Datum uitspraak: 27 juni 2002
AFDELING
BESTUURSRECHTSPRAAK
Uitspraak met toepassing van artikel 8:54, eerste lid, van de Algemene wet bestuursrecht op het hoger beroep van:
tegen de uitspraak van de rechtbank te 's-Gravenhage, nevenzittingsplaats Assen, van 9 april 2002 in het geding tussen:
de Staatssecretaris van Justitie.
Bij besluit van 12 juli 2001 heeft de Staatssecretaris van Justitie (hierna: de staatssecretaris) een aanvraag van appellant om hem een verblijfsvergunning asiel voor bepaalde tijd te verlenen afgewezen. Dit besluit is aangehecht.

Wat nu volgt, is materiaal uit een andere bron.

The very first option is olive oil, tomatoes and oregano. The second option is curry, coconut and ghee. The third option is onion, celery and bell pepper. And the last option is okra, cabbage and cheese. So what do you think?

Bij uitspraak van 9 april 2002, verzonden op 11 april 2002, heeft de rechtbank te ’s-Gravenhage, nevenzittingsplaats Assen (hierna: de rechtbank) het daartegen door appellant ingestelde beroep ongegrond verklaard. Deze uitspraak is aangehecht.
Tegen deze uitspraak heeft appellant bij brief, bij de Raad van State binnengekomen op 8 mei 2002, hoger beroep ingesteld. Deze brief is aangehecht.

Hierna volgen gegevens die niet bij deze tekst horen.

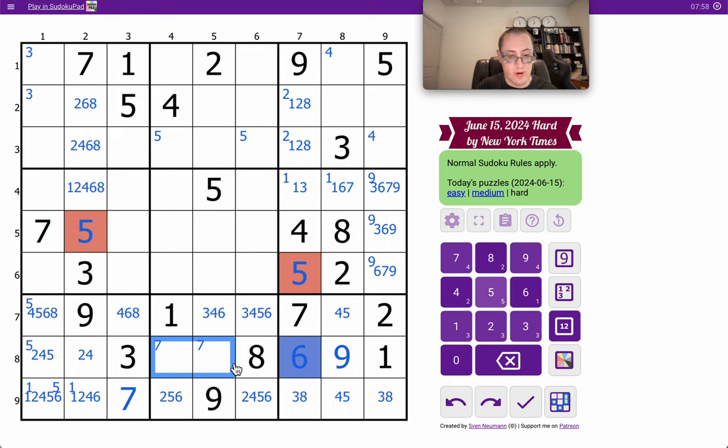These two can't be 1. This one is restricted — it can't be 1, 2, 3, 5, 6, 8, 9. That's down to 4 or 7.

Bij brief van 27 mei 2002 heeft de staatssecretaris een reactie ingediend.
Vervolgens is het onderzoek gesloten.
2.1. De eerste grief klaagt dat de rechtbank ten onrechte de staatssecretaris heeft gevolgd in zijn in het bij de rechtbank bestreden besluit neergelegde standpunt dat appellant niet aannemelijk heeft gemaakt dat hij voor vervolging te vrezen heeft, onder meer vanwege door hem afgelegde tegenstrijdige verklaringen. Daartoe is aangevoerd dat de staatssecretaris de tegenstrijdigheden heeft geconstrueerd uit tegenstellingen tussen het rapport van nader gehoor en de correcties en aanvullingen daarop. Aldus wordt het volgens appellant in de asielprocedure onmogelijk om onvolkomenheden in de rapporten van nader gehoor te corrigeren.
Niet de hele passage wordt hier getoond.